START Provided data

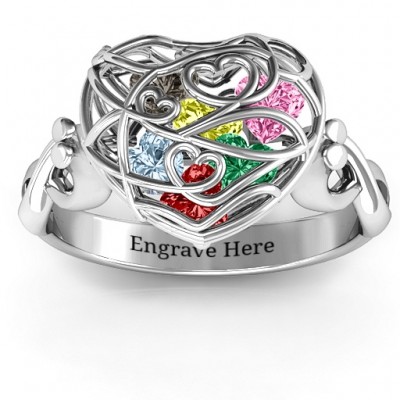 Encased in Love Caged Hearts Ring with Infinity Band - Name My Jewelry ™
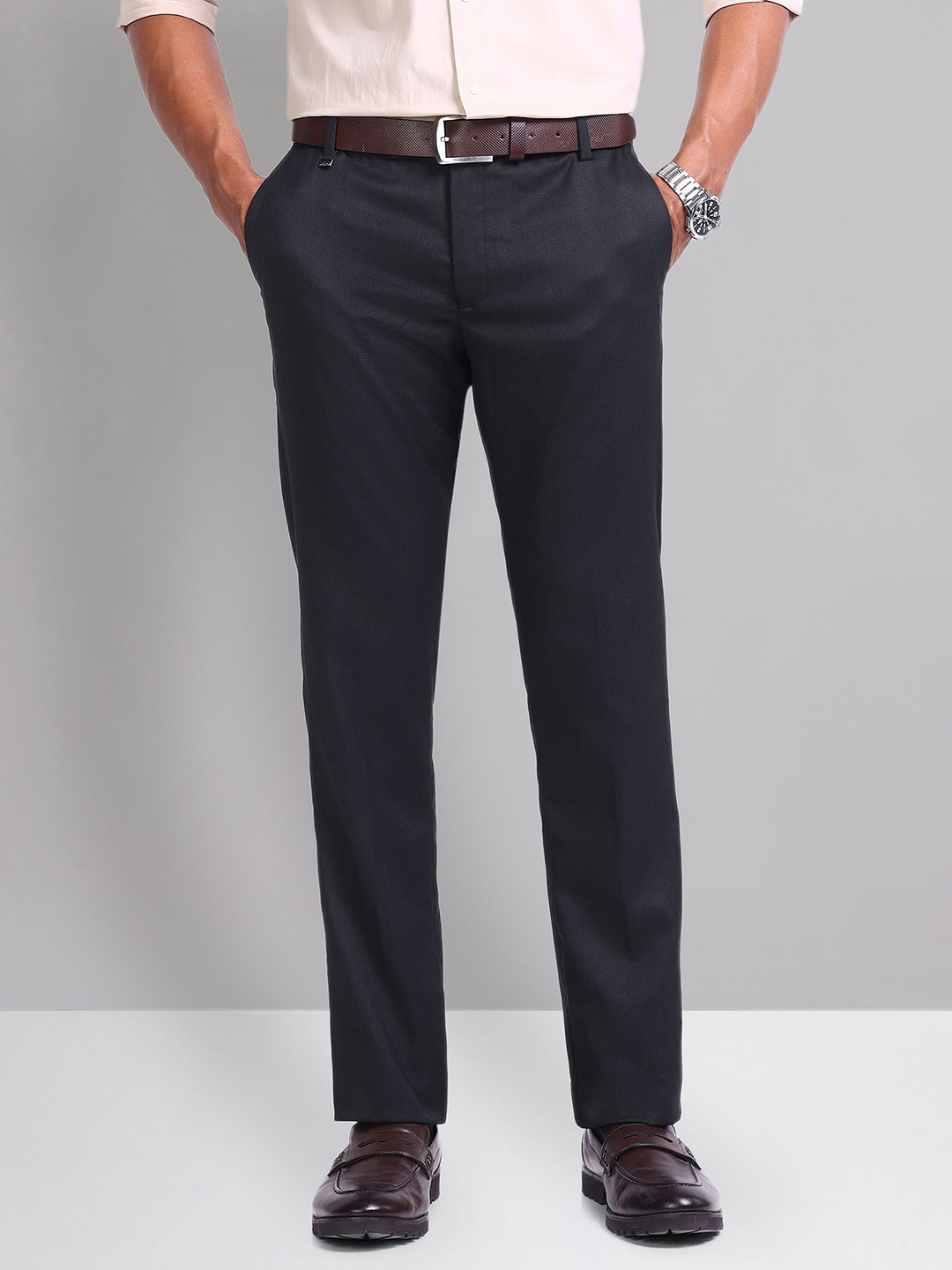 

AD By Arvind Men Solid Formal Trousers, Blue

END Provided data
START Provided data

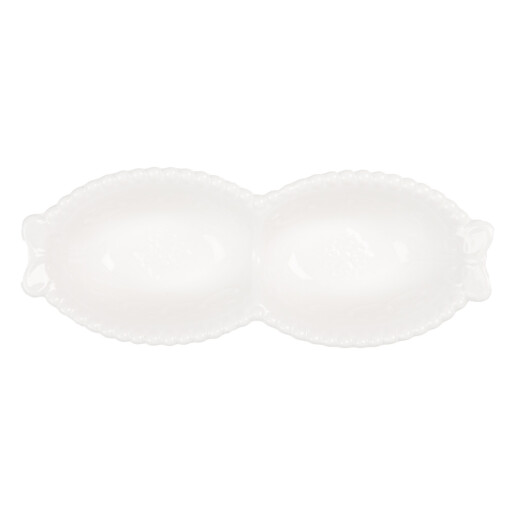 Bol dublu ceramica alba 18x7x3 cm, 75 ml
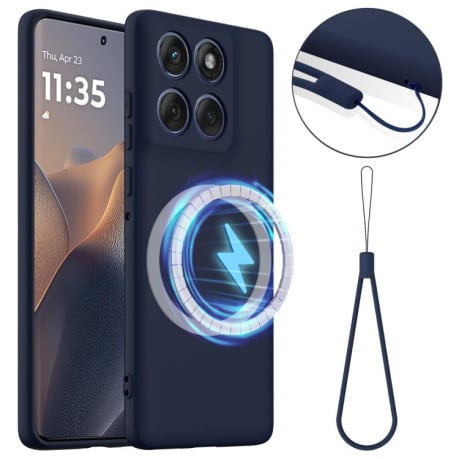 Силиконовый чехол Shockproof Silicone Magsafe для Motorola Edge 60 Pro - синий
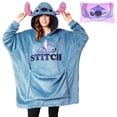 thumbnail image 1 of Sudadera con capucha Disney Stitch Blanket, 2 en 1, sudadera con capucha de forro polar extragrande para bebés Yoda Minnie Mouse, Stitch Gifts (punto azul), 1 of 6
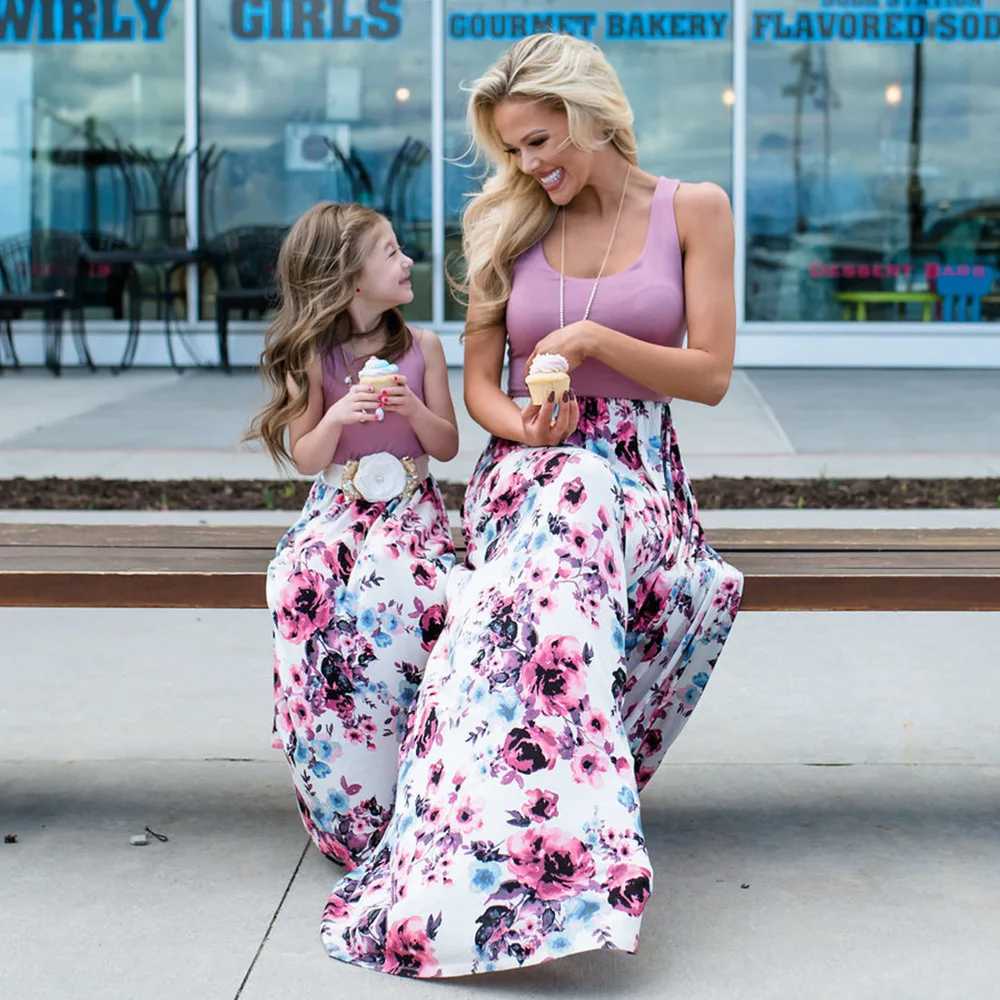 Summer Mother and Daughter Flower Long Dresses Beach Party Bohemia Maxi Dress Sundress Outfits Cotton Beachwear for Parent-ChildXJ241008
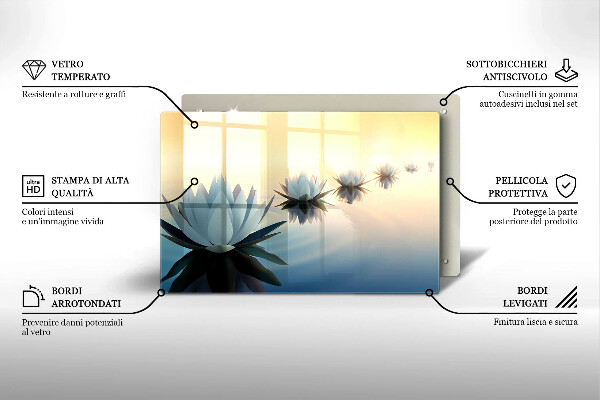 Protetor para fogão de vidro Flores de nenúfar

END Provided data
START Provided data

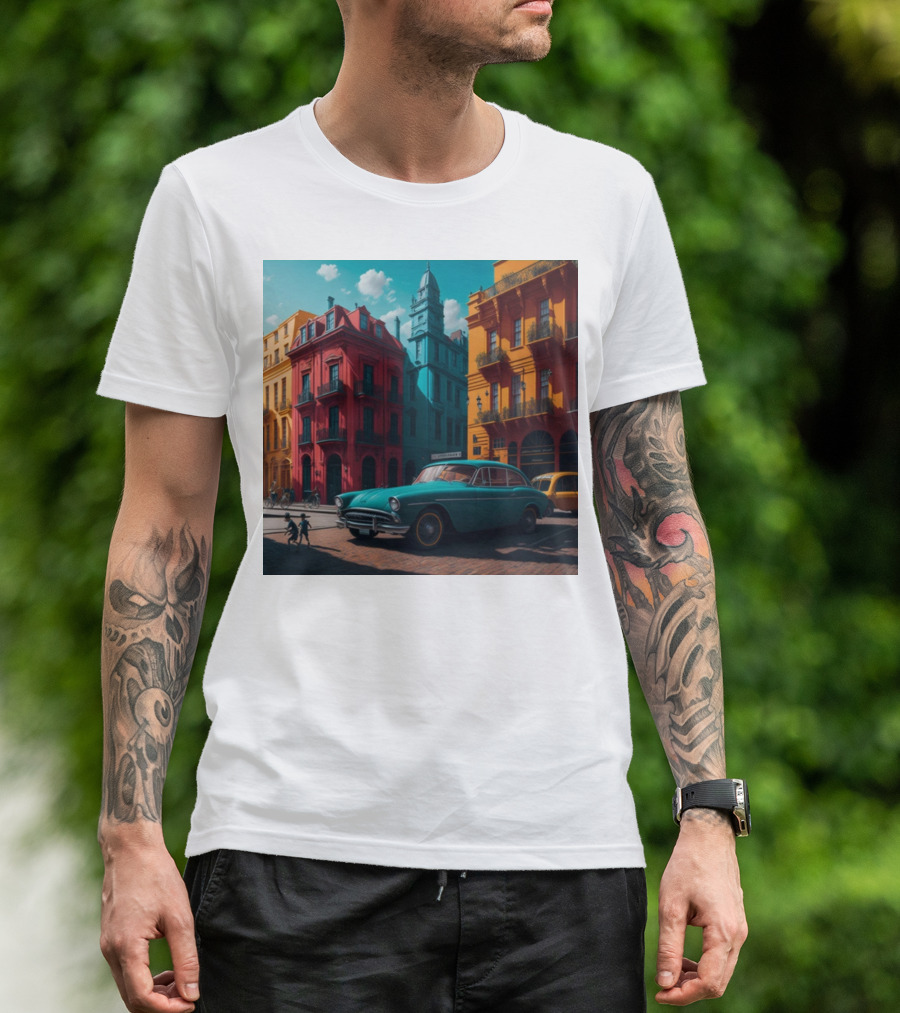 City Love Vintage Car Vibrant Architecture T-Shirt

END Provided data

* Problem description:
An exact transcription is needed of the lines from the one with "Encased in Love" to the one with "AD By Arvind Men Solid Formal Trousers, Blue" above, both ends included, with pictures left out.

* Solved problem:
 Encased in Love Caged Hearts Ring with Infinity Band - Name My Jewelry ™

AD By Arvind Men Solid Formal Trousers, Blue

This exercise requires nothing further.